3.1.2 Systematic principle
Energy development is an organic system, with close links between the main elements and various fields of the economy and society. The index system is not a simple pile of indicators, but a distinct entity. The indexes of various aspects are at different levels, forming a certain hierarchy between the individual indexes, and the index layers. There is a clear logical relationship. A single index in the system can reflect a certain aspect of the development of energy strategy, and the accumulation of indicators can reflect the overall situation. The Department of Electrical Engineering and Applied Electronic Technology, of Tsinghua University, has put forward a comprehensive energy utilization index
[9], and an Energy Internet comprehensive energy efficiency evaluation method
[10], which are suitable for energy efficiency assessment, in multi-energy cooperative parks.
3.1.3 Comparable principle
Evaluation results can be compared horizontally or vertically. We can find differences in regional resource endowments, energy systems, ecological conditions, technical levels, policy guarantees, and economic developments, in different areas, by comparing energy strategy development indicators from different regions, and the direction, level and speed of the development of energy strategy in the same areas, by comparing the index for the same area over time. The energy conversion coefficient (ecc/ ECC) index was constructed by the Department of Architectural Technology Science, of Tsinghua University, and the energy efficiency of a series of energy use links have been compared and evaluated
[11].
3.1.4 Scientific principle
The main scientific principle embodied in the choice of index, is to exclude the influence of subjective factors as much as possible. A quantitative index is the main component, with a qualitative index being supplemental. The index system tries to objectively and accurately reflect the reality and future potential of the development of energy strategy. This is the main guiding principle of the energy strategic development evaluation index design, thus ensuring that the results of the evaluation index can objectively reflect the trend of the development of energy strategy, its reality level, and the speed of change.
3.1.5 Maneuverable principle
Inconsistency between the rationality of the theoretical model, and the availability of data, is one design issue with the evaluation index for energy strategy development. A theoretically ideal measurement index is often difficult to obtain in reality, while data that is easily available may not be relevant to the requirements of the index. Therefore, the design of the evaluation index for energy strategy development aims to achieve a balance between theory and data availability. For example, at present, the specific algorithm for renewable energy efficiency has not been unified. The North China Electric Power University and the China Institute of Architectural Design and Research have defined renewable energy substitution and renewable energy utilization, and provided a renewable energy utilization algorithm
[12]. In addition, it is difficult to compare different energy sources.

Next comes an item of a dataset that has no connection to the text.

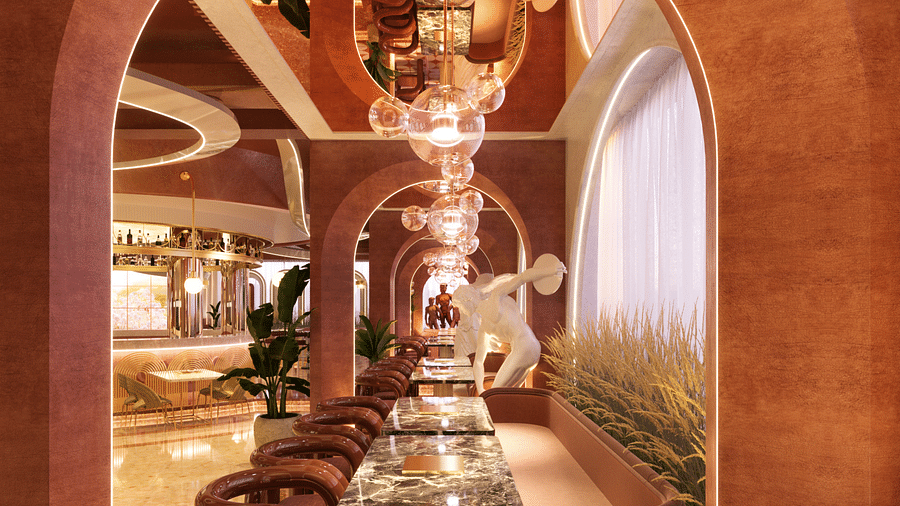 An image of a restaurant featuring long seating with tables and chairs - Themis Barbecue House Ambala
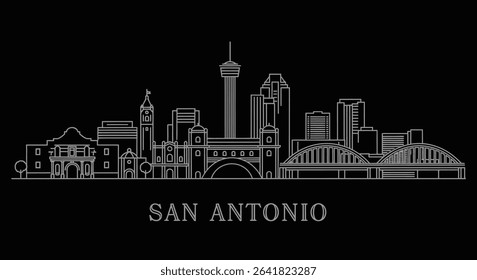 San Antonio Skyline Texas Cityscape Vector.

In general, the calculation method of primary energy consumption is used to convert different kinds of energy sources, such as coal and natural gas, into standard coal equivalents, according to their calorific values. Using coal consumption and energy production from a coal-fired power plant to create a standard unit of energy production, electrical energy produced from any source can be converted into standard coal equivalents [13,14].
3.1.6 The dynamic optimization principle.
Energy development is a dynamic process. The upgrading of energy infrastructure, the change of energy technology and data availability, the emergence of new data sources, and the adjustment of evaluation targets will lead to the dynamic evolution of the evaluation index of the development of energy strategy. On the premise of maintaining the basic stability of the overall framework of the index system, a comprehensive balance between energy development stage, and the dynamic supplementary adjustment of the indicators, can be made, to reflect the state of energy development in a more comprehensive and objective way. The city index system has dynamic and flexible components, for different types of cities, and provides guidance to help these different cities make decisions during different periods of strategy development and implementation.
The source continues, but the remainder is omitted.